Weighted Green functions for complex Hessian operators

TL;DR

This paper introduces weighted Green functions for complex Hessian operators in hyperconvex domains, establishing their continuity properties and providing estimates, thus extending classical pluricomplex Green function results.

Contribution

It defines and analyzes the properties of weighted Green functions for complex Hessian operators, generalizing and improving upon previous pluricomplex Green function results.

Findings

Proved uniform continuity of the exponential Green function in both variables.

Provided precise estimates on the modulus of continuity.

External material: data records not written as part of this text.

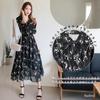 Baobird Floral Print Tunic Dress with Long Short Elastic Chiffon and Flattering and and Stylish for and Everyday Perfect for and Women's Skirt,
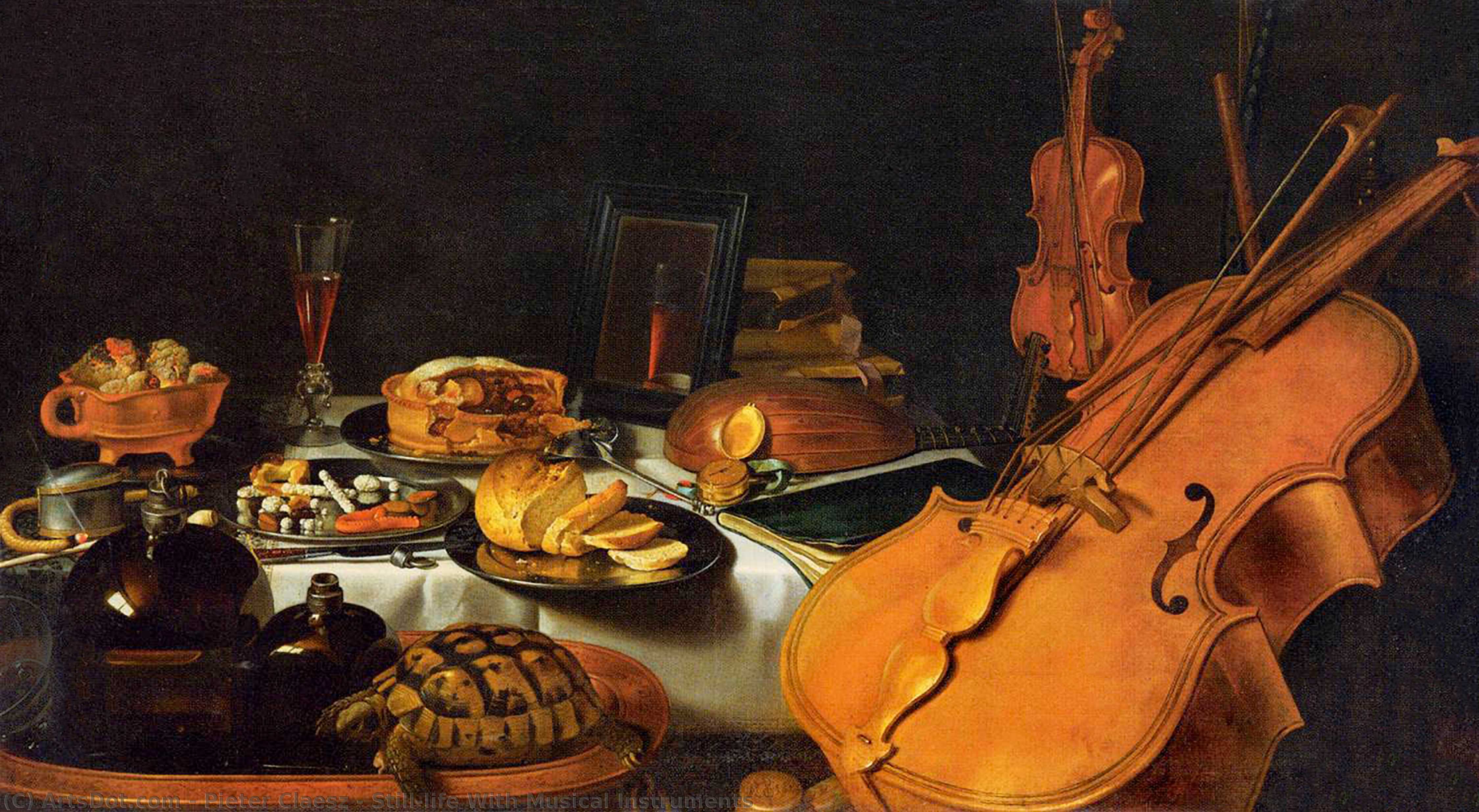Wikioo.org - The Encyclopedia of Fine Arts - Painting, Artwork by Pieter Claesz - Still-life With Musical Instruments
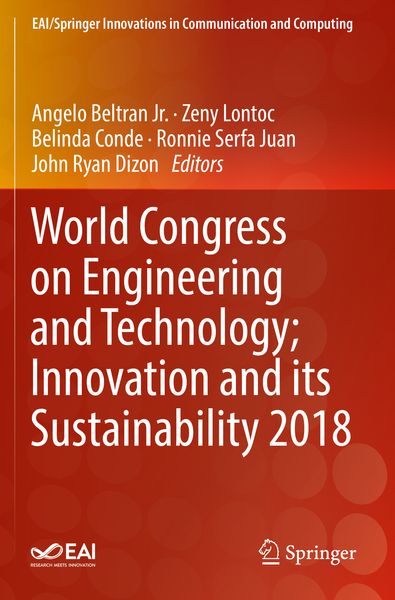 Produktbild: World Congress on Engineering and Technology; Innovation and its Sustainability 2018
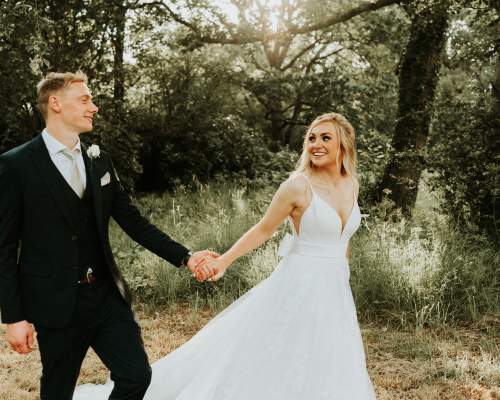 Sway Manor - Wedding - couple in garden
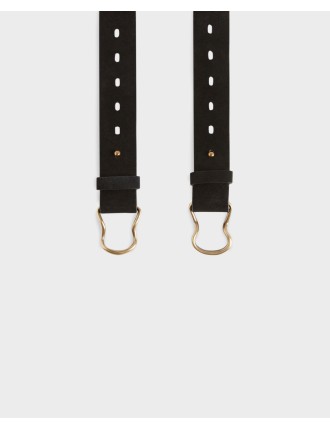 Ceinture fine en cuir suédé black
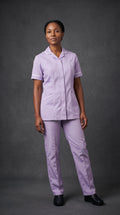 Women's Lilac Healthcare Tunic with White Trim – Professional Medical Uniform Top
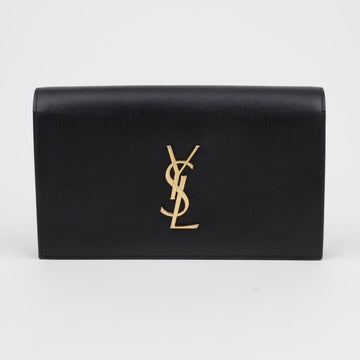 SAINT LAURENT グラン・ド・プードル・レザー・フラップ・クラッチ・ブラック 156721549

Extended classical results to weighted Green functions for complex Hessian operators.

Abstract

Let $1\leq m\leq n$ be two fixed integers. Let $\Omega \Subset \mathbb C^n$ be a bounded $m$-hyperconvex domain and $\mathcal A \subset \Omega \times ]0,+ \infty[$ a finite set of weighted poles. We define and study properties of the $m$-subharmonic Green function of $\Omega$ with prescribed behaviour near the weighted set $A$. In particular we prove uniform continuity of the exponential Green function in both variables $(z,\mathcal A)$ in the metric space $\bar \Omega \times \mathcal F$, where $\mathcal F$ is a suitable family of sets of weighted poles in $\Omega \times ]0,+ \infty[$ endowed with the Hausdorff distance. Moreover we give a precise estimates on its modulus of continuity. Our results generalize and improve previous results concerning the pluricomplex Green function du to P. Lelong.